You can’t beat cause for genuine exactment. The mood in Bordeaux last September was exhilarating even though Andy Farrell’s outfit were kicking off their World Cup campaign against Tier 2 Romania. 40,000 Irish supporters faced sweltering bus and trains to get to the ground. Stewarding issues resulted in significant tailbacks outside. They still turned up and made themselves heard. That was because it wasn’t so much about the following two hours as it was the subsequent two months. A likeable team were starting out on an ambitious journey. Even at basecamp, supporters had justifiable cause to set their sights on the summit.

Convoluted theories or calls to arms won’t disguise from that inescapable reality of sport. The fan experience is a testament to Mayo Angelou’s summation of people. The thing they will remember most is how you made them feel. All that endures is the fanatical moments, that is how the game is remembered.

None of this is to say that all the other stuff doesn’t matter. Sparks will ignite quicker in a conducive environment. More accessible tickets at an affordable price aren’t a necessity for a good atmosphere but it would help. The answer lies within.

This week Caelan Doris, Ireland’s captain for the Italy test, was asked for his two cents on the crowd engagement. He suggested designated sections for students or younger people where they could have “a few more pints” while acknowledging the frustration that comes with fans getting up and down during a game.

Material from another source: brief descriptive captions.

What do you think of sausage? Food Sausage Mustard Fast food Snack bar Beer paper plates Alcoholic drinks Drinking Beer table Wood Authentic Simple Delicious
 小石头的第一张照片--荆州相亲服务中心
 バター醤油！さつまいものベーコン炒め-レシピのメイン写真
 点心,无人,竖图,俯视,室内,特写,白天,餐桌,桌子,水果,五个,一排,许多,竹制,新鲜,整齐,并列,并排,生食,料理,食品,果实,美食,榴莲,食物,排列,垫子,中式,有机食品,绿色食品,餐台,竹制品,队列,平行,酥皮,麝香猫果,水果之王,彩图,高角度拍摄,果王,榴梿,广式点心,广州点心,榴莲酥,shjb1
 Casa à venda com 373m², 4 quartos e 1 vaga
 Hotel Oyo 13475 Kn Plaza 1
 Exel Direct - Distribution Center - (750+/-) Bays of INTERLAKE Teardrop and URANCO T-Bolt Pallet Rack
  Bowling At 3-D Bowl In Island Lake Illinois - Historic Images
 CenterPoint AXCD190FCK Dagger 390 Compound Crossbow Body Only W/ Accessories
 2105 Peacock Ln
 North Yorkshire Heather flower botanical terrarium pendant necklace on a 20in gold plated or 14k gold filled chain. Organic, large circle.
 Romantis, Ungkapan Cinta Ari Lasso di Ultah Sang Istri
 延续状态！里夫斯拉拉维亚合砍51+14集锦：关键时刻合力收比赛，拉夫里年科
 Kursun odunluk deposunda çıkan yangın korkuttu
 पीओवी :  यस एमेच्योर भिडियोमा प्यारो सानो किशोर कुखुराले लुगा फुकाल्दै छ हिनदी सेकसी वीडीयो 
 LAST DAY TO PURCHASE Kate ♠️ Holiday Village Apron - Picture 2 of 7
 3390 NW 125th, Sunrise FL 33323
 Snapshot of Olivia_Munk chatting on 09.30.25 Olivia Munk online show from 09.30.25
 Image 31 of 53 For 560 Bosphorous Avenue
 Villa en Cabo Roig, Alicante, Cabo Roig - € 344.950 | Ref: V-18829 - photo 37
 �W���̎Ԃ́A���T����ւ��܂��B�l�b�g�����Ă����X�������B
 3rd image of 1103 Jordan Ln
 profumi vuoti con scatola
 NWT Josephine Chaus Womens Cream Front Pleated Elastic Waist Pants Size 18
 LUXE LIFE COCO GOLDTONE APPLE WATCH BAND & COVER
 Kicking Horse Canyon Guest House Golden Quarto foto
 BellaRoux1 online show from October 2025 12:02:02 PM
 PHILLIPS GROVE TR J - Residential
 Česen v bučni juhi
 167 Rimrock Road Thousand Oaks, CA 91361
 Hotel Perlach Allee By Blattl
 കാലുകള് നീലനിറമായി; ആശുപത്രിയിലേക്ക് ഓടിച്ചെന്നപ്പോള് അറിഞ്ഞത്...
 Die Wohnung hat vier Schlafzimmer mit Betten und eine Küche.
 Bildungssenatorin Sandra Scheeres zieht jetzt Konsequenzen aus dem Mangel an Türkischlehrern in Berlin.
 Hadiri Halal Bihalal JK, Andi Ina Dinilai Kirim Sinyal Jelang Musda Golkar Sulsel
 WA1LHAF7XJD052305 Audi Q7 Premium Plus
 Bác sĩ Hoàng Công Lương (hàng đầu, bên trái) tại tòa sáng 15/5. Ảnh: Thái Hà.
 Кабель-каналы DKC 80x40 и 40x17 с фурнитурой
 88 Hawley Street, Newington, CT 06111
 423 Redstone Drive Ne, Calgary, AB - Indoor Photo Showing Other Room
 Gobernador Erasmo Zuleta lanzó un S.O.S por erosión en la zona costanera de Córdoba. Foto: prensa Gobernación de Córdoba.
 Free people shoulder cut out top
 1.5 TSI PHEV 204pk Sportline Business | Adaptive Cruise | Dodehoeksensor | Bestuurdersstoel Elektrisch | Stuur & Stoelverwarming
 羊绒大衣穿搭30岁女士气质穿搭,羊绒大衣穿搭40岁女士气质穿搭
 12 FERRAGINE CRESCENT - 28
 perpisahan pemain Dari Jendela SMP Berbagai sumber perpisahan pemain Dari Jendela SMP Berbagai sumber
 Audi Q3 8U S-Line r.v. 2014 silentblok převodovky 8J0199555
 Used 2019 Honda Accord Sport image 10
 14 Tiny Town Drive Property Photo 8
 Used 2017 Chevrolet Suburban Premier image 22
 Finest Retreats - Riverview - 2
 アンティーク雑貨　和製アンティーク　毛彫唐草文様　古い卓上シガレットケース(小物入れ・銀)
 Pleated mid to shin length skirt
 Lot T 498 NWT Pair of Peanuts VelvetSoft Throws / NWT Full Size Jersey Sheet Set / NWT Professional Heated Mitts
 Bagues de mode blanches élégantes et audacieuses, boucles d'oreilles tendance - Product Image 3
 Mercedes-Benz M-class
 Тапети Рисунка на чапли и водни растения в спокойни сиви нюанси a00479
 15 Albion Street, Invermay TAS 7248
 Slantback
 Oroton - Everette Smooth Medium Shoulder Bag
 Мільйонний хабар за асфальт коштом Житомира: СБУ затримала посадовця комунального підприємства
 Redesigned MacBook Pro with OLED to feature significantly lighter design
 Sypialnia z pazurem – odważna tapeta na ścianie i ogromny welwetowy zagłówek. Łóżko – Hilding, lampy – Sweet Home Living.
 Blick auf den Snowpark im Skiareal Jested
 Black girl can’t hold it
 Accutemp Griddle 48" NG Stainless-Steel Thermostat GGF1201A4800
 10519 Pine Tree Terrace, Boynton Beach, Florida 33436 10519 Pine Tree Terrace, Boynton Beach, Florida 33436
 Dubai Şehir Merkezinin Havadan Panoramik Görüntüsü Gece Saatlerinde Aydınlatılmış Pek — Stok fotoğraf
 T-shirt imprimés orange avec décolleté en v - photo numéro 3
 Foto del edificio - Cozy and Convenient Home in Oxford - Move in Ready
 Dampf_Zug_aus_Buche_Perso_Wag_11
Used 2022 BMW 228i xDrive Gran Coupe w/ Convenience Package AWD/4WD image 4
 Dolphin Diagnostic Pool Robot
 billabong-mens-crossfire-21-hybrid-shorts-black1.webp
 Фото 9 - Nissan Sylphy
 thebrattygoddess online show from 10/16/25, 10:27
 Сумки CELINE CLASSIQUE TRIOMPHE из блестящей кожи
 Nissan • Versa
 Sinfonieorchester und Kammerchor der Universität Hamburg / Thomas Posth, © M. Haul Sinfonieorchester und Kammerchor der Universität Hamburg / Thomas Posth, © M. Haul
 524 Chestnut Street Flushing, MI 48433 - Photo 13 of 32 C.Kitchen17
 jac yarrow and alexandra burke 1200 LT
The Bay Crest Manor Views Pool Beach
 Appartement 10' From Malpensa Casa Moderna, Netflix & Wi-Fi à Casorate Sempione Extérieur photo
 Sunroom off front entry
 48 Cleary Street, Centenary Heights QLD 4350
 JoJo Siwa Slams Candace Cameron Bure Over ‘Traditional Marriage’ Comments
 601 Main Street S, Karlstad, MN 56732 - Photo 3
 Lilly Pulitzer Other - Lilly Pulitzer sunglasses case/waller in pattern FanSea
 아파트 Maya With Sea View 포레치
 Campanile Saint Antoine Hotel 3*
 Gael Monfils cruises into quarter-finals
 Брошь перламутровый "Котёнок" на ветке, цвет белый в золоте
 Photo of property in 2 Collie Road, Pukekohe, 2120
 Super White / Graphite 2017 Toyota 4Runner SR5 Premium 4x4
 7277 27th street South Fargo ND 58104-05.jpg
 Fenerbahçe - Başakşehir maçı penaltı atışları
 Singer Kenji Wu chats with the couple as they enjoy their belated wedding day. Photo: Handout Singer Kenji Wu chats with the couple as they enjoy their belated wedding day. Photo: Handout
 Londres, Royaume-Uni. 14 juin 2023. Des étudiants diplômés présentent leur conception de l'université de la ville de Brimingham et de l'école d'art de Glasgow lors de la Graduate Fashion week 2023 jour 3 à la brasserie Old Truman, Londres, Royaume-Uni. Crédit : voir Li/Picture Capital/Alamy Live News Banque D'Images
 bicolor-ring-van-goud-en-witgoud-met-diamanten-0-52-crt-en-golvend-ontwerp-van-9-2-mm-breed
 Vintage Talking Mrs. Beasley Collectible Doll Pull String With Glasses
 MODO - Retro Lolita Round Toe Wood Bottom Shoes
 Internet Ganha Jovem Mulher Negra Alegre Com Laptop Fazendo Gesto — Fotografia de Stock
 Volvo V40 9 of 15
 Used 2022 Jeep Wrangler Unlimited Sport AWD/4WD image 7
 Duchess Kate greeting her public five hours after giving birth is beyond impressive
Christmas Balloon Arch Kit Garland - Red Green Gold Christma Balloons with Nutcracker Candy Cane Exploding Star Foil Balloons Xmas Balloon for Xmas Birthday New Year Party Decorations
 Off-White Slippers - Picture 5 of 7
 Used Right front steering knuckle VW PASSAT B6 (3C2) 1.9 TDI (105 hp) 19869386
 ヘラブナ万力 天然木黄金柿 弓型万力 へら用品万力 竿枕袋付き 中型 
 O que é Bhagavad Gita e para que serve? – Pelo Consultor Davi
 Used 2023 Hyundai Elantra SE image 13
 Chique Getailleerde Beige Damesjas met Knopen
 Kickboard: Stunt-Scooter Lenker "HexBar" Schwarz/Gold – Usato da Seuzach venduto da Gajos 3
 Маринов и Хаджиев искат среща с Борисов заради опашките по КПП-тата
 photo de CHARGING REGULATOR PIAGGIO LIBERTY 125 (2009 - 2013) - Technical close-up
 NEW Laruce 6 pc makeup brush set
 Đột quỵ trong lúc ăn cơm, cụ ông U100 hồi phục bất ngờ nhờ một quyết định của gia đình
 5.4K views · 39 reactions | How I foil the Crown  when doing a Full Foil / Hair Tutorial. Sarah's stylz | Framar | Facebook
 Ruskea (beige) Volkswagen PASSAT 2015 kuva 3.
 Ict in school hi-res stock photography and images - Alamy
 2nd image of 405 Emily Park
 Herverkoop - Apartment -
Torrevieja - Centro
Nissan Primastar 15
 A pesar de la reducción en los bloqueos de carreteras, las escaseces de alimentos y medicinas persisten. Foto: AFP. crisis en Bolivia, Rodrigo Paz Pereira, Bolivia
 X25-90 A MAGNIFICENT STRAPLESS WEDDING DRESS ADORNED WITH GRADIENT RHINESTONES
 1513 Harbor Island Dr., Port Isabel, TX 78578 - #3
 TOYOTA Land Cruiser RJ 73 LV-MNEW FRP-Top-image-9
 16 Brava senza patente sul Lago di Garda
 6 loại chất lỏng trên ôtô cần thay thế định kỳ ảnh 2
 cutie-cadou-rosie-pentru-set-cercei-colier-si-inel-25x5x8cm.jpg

It was a reasonable answer to a tricky question. Players are as equipped to evaluate the fans’ matchday experience as fans are to evaluate the players own process on the day. Next week, what exactly does Joe Soap think about the efficiency of Ireland’s warm-up?

Engage that camp, even more than they have done recently. We already know how attendees feel about the sale of alcohol at the Aviva Stadium because the IRFU, through Opinions Market Research Limited, conducted a survey and published results last year. 774 supporters over the age of 18 were surveyed. 68% said they would not support a ban on alcohol in the seating areas of the stadium. 25% said people getting up and coming back with drinks during games greatly diminishes their experience.

Some important caveats: This was not a survey of supporters as a whole. It was conducted by entry and exit interviews during two of the 2022 Autumn Nations Series games. 43% were seated in corporate or premium areas. The demographics of Irish crowds at home rugby internationals aren’t always representative of Irish rugby fans.

At the same time, the bottom line is the bottom line. For any commercial organisation, it is significantly more important that patrons are there even if it doesn’t always sound like it. The tension is not only between being able to access drinks enhancing one person’s experience and people getting up and down diminishing another’s. There is also the matter of maximising gate receipts mixed with the inevitable downside of pricing out a certain cohort. Rugby’s roots are deep in parts of the country and spreading elsewhere. Regular match goers, daytrippers, club members, attendees based in the capital and those travelling from outside of it, newcomers, diehards, those who put provisional teams before the national one, this is a broad church.

Fans have made their feelings known in the past. They are best placed to assess any obstacles getting to games, the atmosphere and how to improve it. The solution should start from that simple place. Listen.